My familiarity with IPv6 is relatively low. Steve actually pointed me
to NFS client code which does a similar comparison. Let me redo this
part.

>
>
> Regarding the interface comparator, which I'll requote here:
>
> +/*
> + * compare two interfaces a and b
> + * return 0 if everything matches.
>
> This is fine, assuming the address comparator is fixed. Matching
> everything is the best result.
>
> + * return 1 if a has higher link speed, or rdma capable, or rss capable
>
> I'm still uneasy about selecting link speed first. If the mount
> specifies RDMA, I think RDMA should be the preferred parameter.
> The code you propose would select an ordinary interface, if it
> were one bps faster.

I could do that. But that only changes the order in which the
interfaces are ordered.
I think the place where you want this change more is where the
interface is actually getting selected for a new connection.
I'll do this.

>
> + * return -1 otherwise.
>
> Ok on this. :)
>
> + */
> +static int
> +iface_cmp(struct cifs_server_iface *a, struct cifs_server_iface *b)
> +{
> +       int cmp_ret = 0;
> +
> +       WARN_ON(!a || !b);
> +       if (a->speed == b->speed) {
> +               if (a->rdma_capable == b->rdma_capable) {
> +                       if (a->rss_capable == b->rss_capable) {
>
> RSS is meaningless on an RDMA adapter. The RDMA kernel API uses
> Queue Pairs to direct completion interrupts, totally different
> and independent from RSS. It's only meaningful if rdma_capable
> is false.

Ok. I was not sure about whether they can co-exist, and decided to
make this extra comparison anyway.
Good that you shared this info. But I don't think this code hurts.

>
> +                               cmp_ret = cifs_ipaddr_cmp((struct sockaddr *) &a->sockaddr,
> +                                                      (struct sockaddr *) &b->sockaddr);
> +                               if (!cmp_ret)
> +                                       return 0;
> +                               else if (cmp_ret > 0)
> +                                       return 1;
>
> Again, I don't agree that the address family has anything to do
> with preferring an interface. This should return -1.

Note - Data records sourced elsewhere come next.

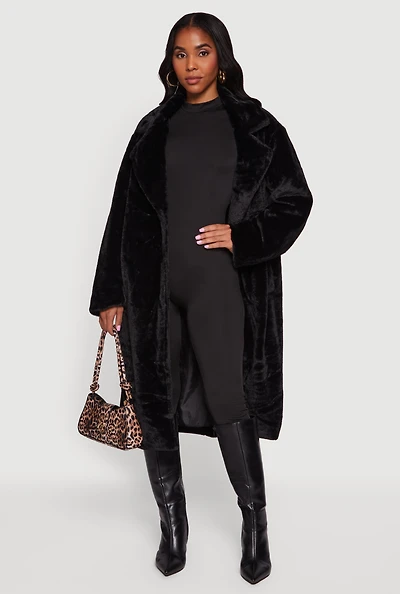 Solid Faux Fur Trench Coat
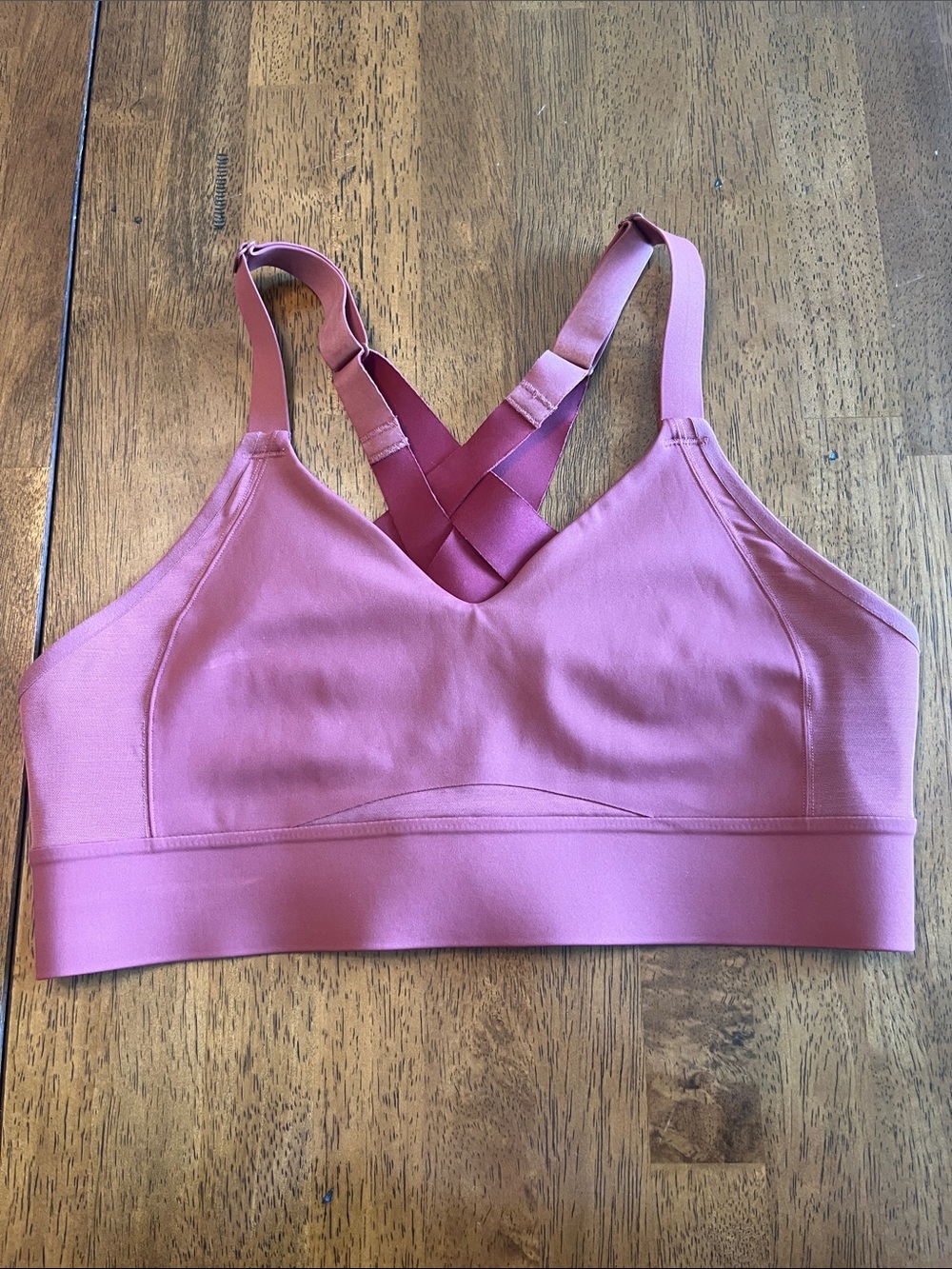 Brooks Rose Pink Crisscross Back Sports Bra
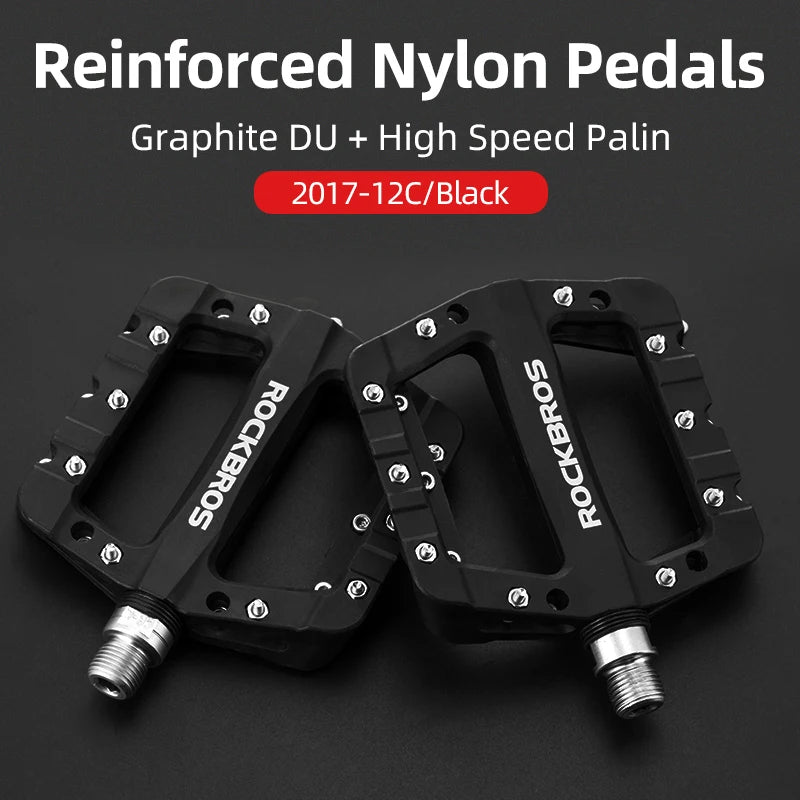 ROCKBROS black nylon flat platform pedals for MTB and road bikes
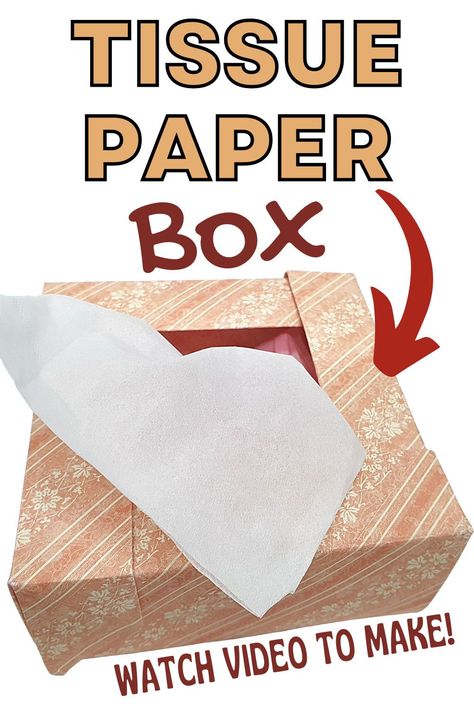 How to make a tissue paper box in any size. Follow the video to make this DIY tissue paper box for every room in your house Tissue Paper Box Design Ideas, Tissue Paper Box Diy, Paper Box Tutorial, 3d Paper Projects, Paper Box Diy, Paper Watch, Paper Craft Videos, One Sheet Wonder, Paper Boxes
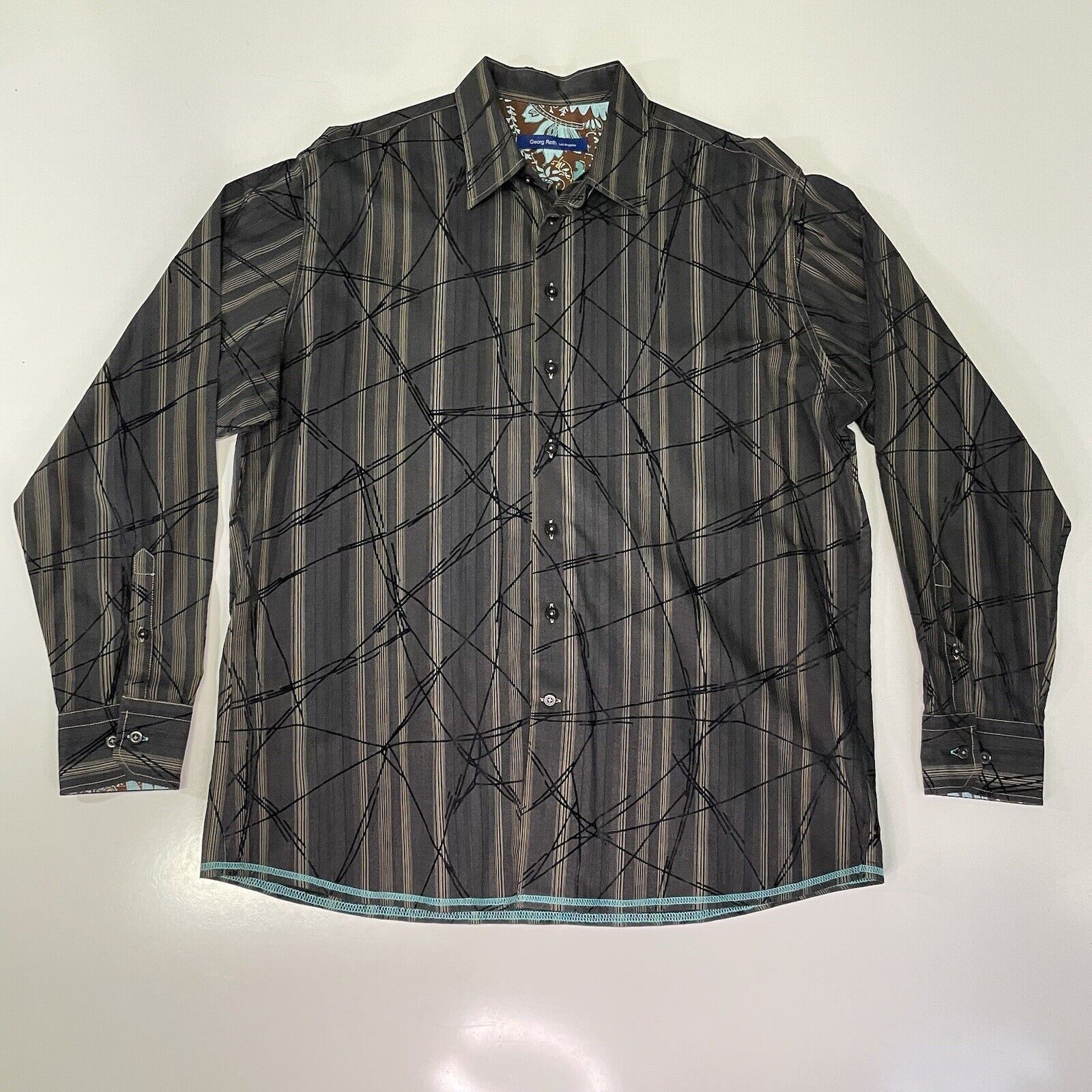 George Georg Roth Los Angeles Shirt Mens 2XL Button Blue Black EUC Size US XXL / EU 58 / 5 - 1 Thumbnail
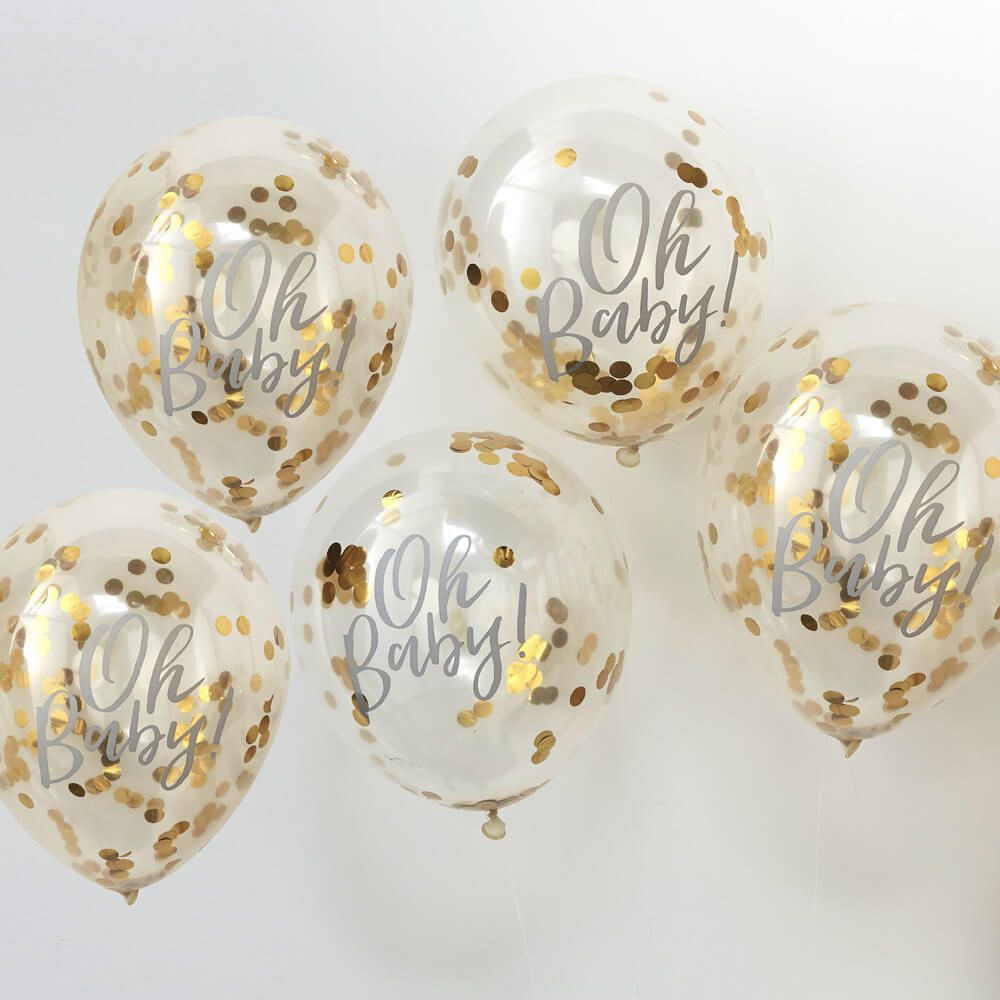 Σετ Μπαλόνια με Χρυσά Confetti 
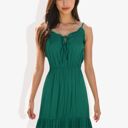 Green Large Spaghetti Strap Maxi Dress with Lace Trim and Tiered Skirt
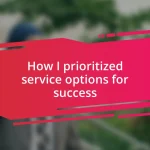 How I prioritized service options for success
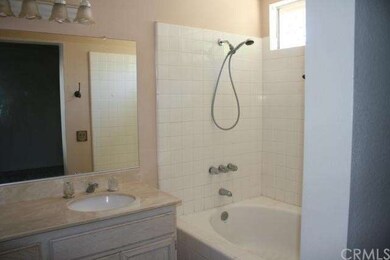 Master bathroom, large vanity and mirror, one sink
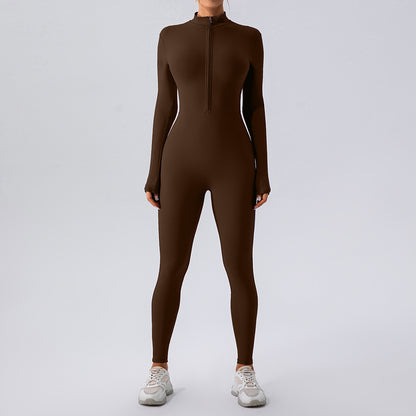 Zipper Nude Feel Long Sleeve Yoga Jumpsuit Women Sports Fitness Training Dance One Piece Bodysuit - Wanita Store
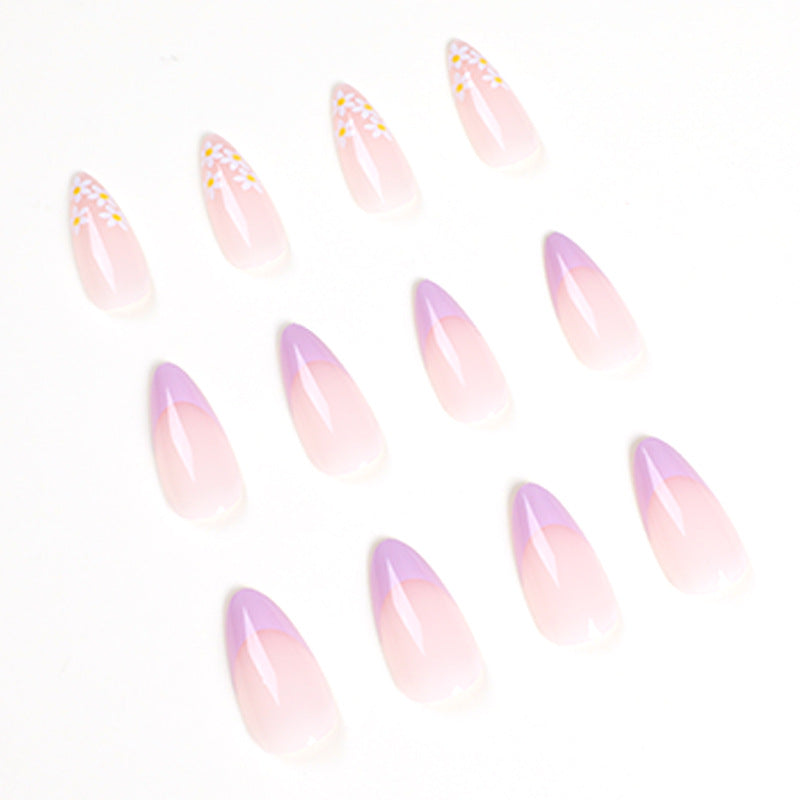 Fake Nail Patch French Nail Art Floral Nail Art Light Purple White Nail Patch press on nails｜365nails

As explained above, this just decides the ordering of the interface list.
The items on the head of the list do get slight preference, the list
is first sorted based on speed, then on capabilities, then on family,
then on the actual value.

>
> +                               else
> +                                       return -1;
> +                       } else if (a->rss_capable > b->rss_capable)
> +                               return 1;
>
> It's good to prefer an RSS-capable interfgace over non-RSS, but
> again, only if the interface is not RDMA.
>
> +                       else
> +                               return -1;
> +               } else if (a->rdma_capable > b->rdma_capable)
> +                       return 1;
>
> And it's good to prefer RDMA over non-RDMA, but again, it's going
> to have very strange results if the client starts sending traffic
> over both interfaces for the same flow!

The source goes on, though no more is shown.